* **WHAT YOU NEED TO DO**: Repeat every record word for word and omit the images.

==== EXERCISE MATERIAL ====

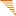 Webpaint.it Favicon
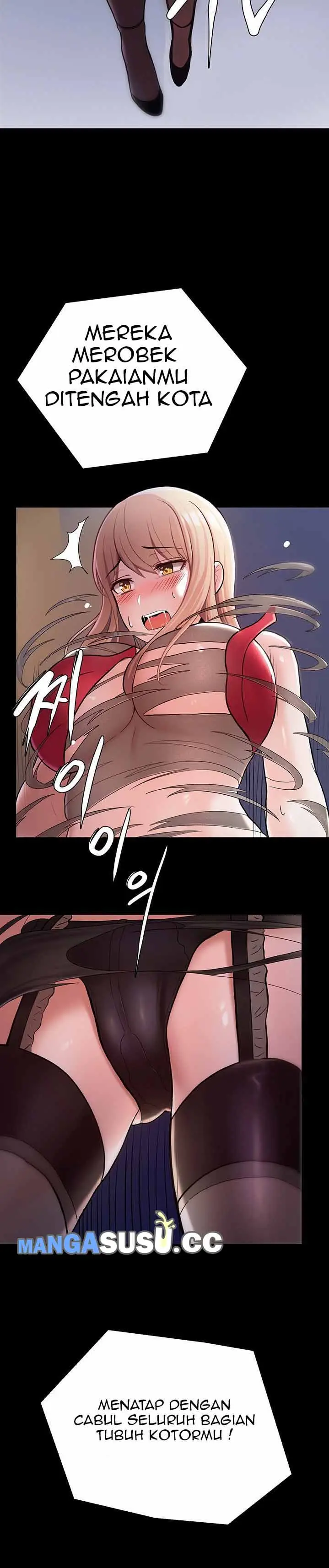 image-komik-escape-loser-chapter-4-11/53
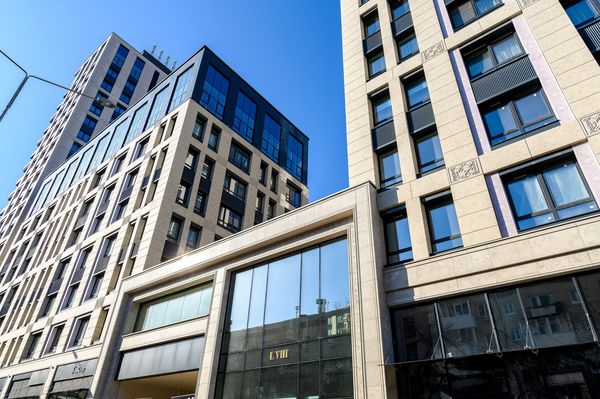 Продам трехкомнатную (3-комн.) квартиру, Попова ул, 18, Екатеринбург г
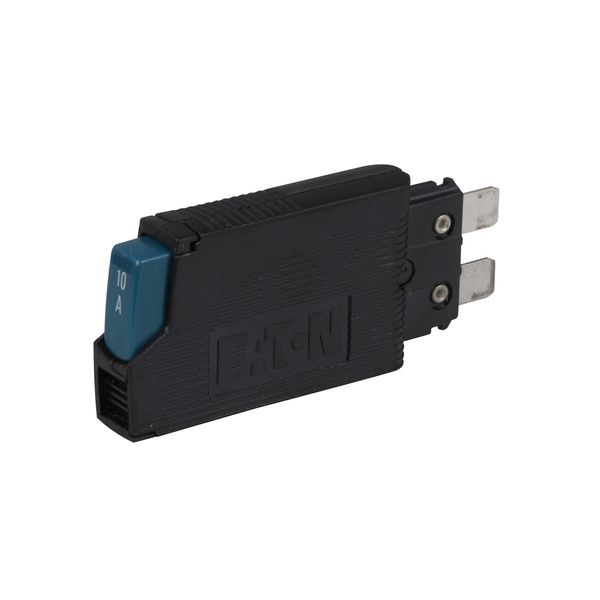Cutler-Hammer XBATCP10 Thermal Circuit Protector Product Image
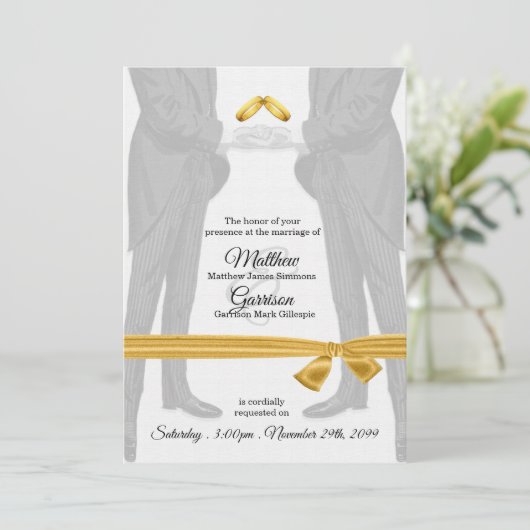 -tweetrondenweddenschap kaart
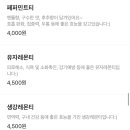 카페길음
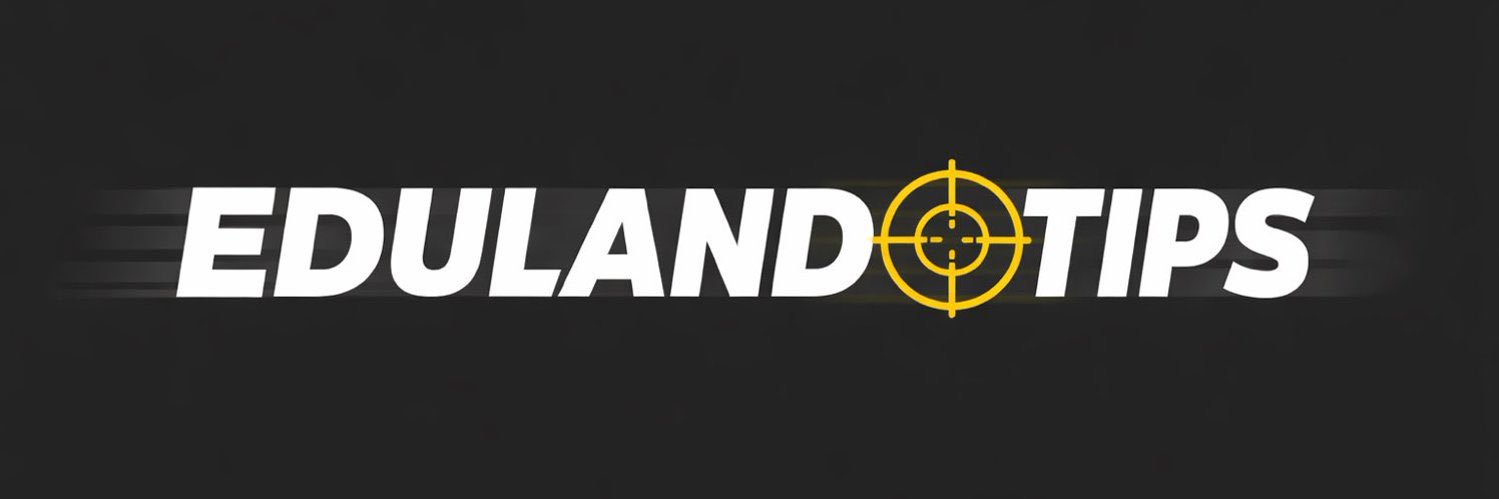 Eduland banner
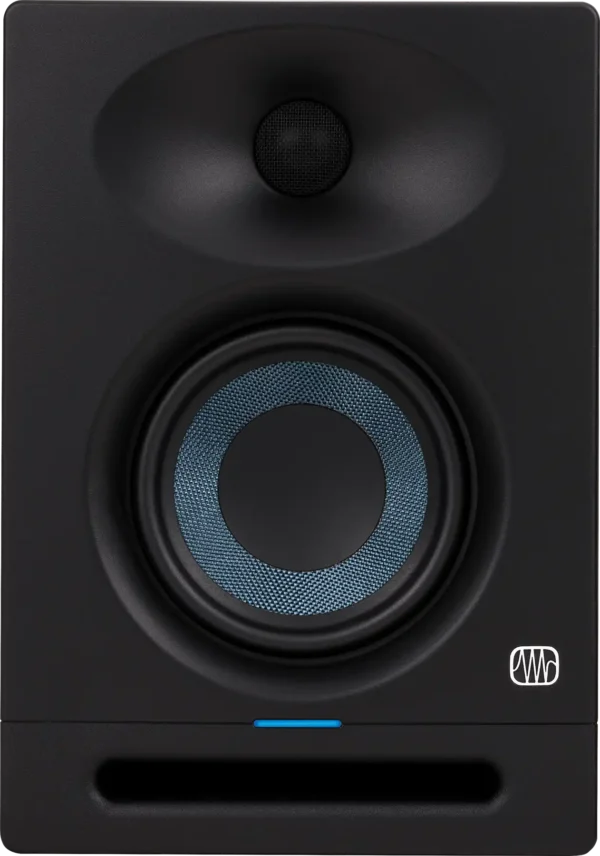 PreSonus Eris Studio 4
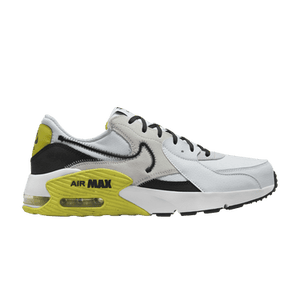 Nike Air Max Excee 'Bright Cactus'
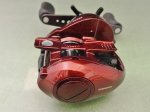 Photo8: Shimano Shimano Scorpion XT 1000  [5926] (8)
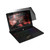 Aorus X7 DT v8 Privacy Lite Screen Protector
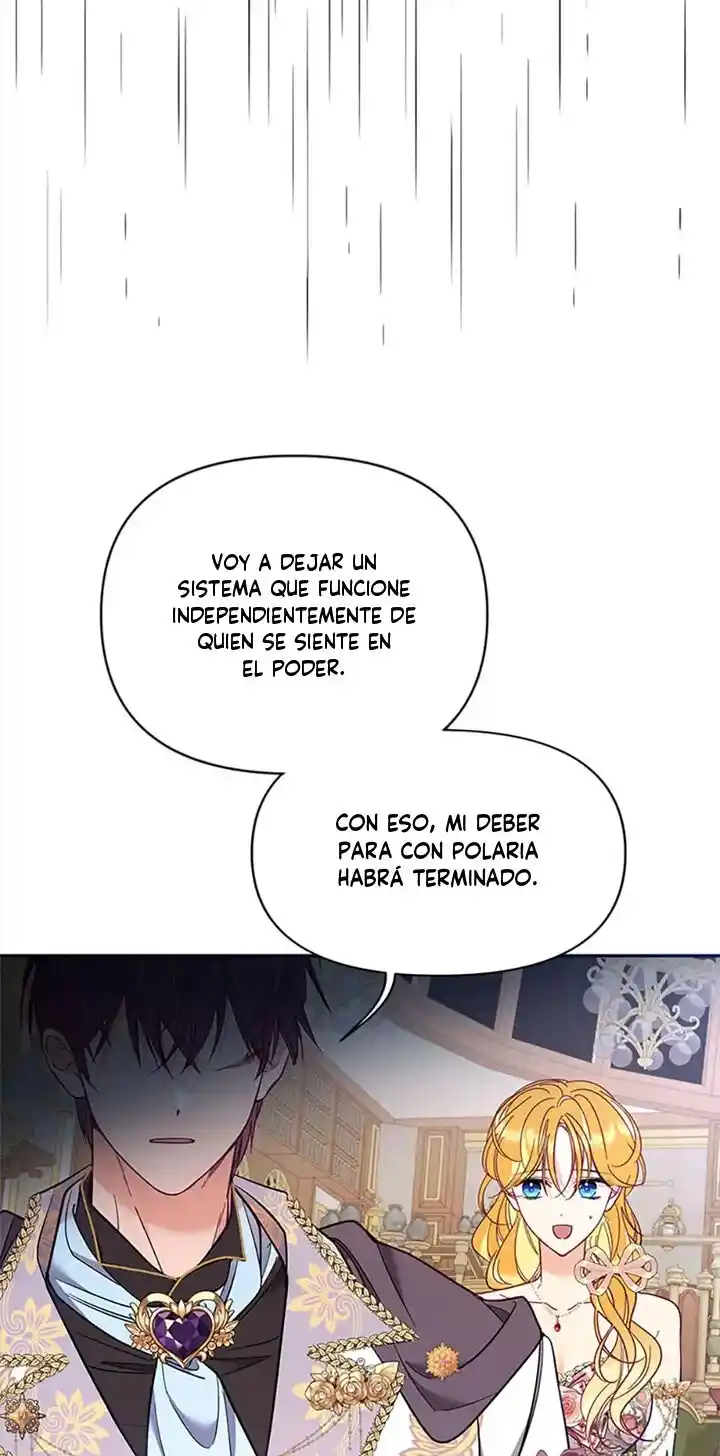 Mi Lugar - Capítulo 60 - Página 18 - LectorTMOo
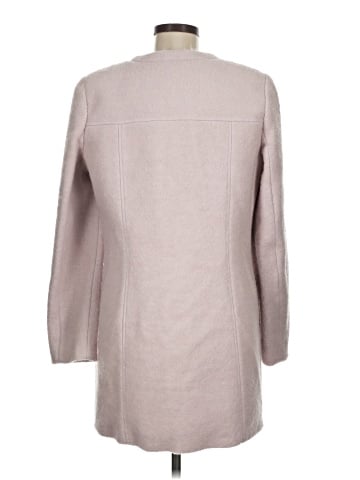 Calvin Klein Coat (view 2)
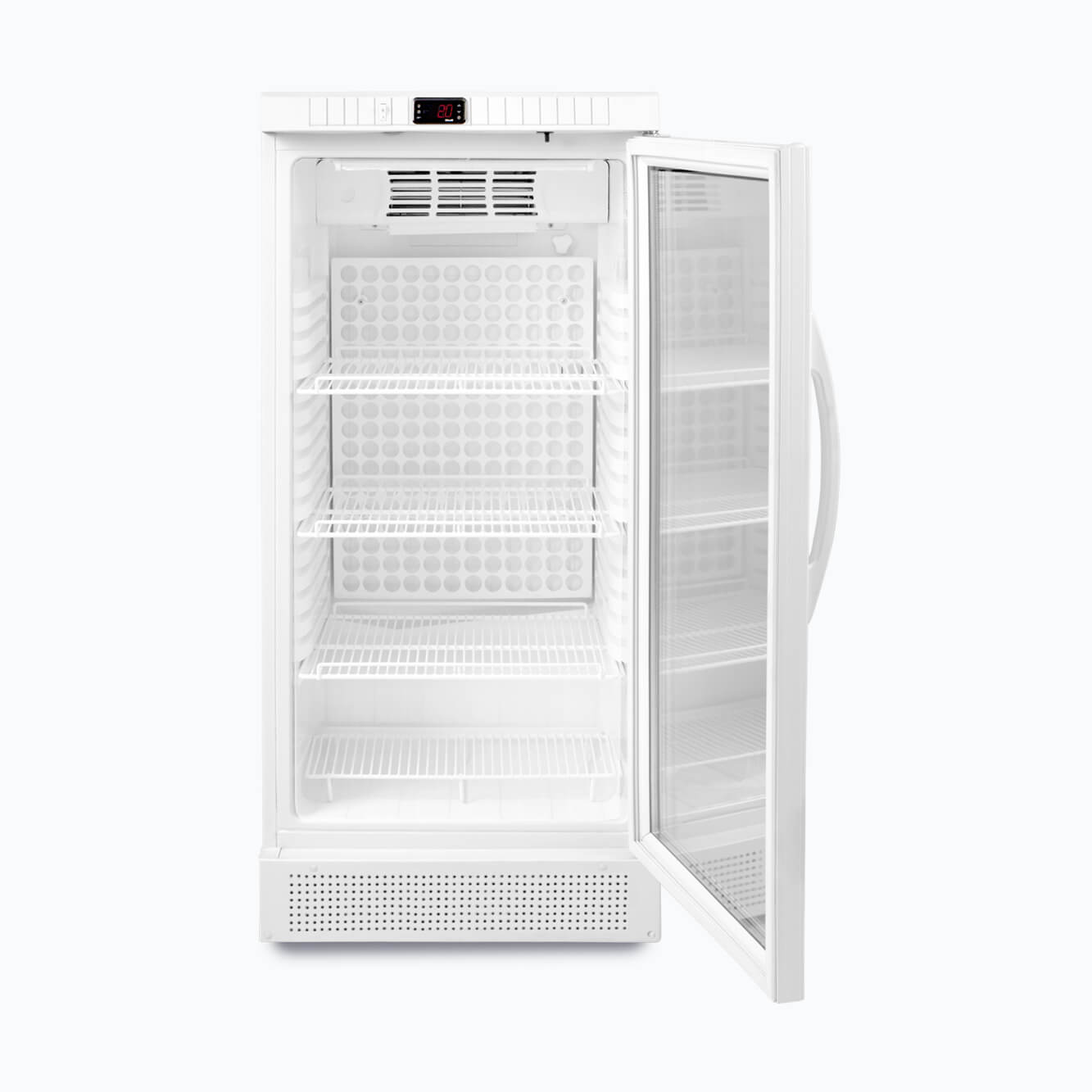 Bromic MediFridge Vaccine Fridge - 215L MED0220GD-NR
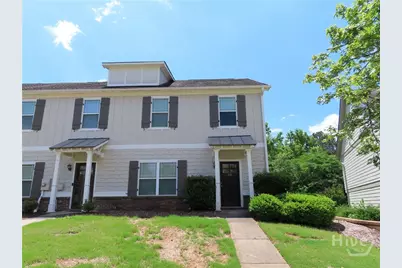 259 Oconee River Circle, Athens, GA 30605 - Photo 1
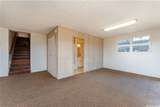 4619 Likini Street - Photo 23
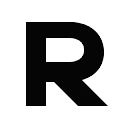 RelayBases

====

* **ANSWER TO THE PROBLEM**:
 Webpaint.it Favicon
 image-komik-escape-loser-chapter-4-11/53
 Продам трехкомнатную (3-комн.) квартиру, Попова ул, 18, Екатеринбург г
Cutler-Hammer XBATCP10 Thermal Circuit Protector Product Image
 -tweetrondenweddenschap kaart
 카페길음
 Eduland banner
 PreSonus Eris Studio 4
 Nike Air Max Excee 'Bright Cactus'
 Photo8: Shimano Shimano Scorpion XT 1000  [5926] (8)
 Aorus X7 DT v8 Privacy Lite Screen Protector
 Mi Lugar - Capítulo 60 - Página 18 - LectorTMOo
 Calvin Klein Coat (view 2)
 Bromic MediFridge Vaccine Fridge - 215L MED0220GD-NR
 259 Oconee River Circle, Athens, GA 30605 - Photo 1
 4619 Likini Street - Photo 23
 RelayBases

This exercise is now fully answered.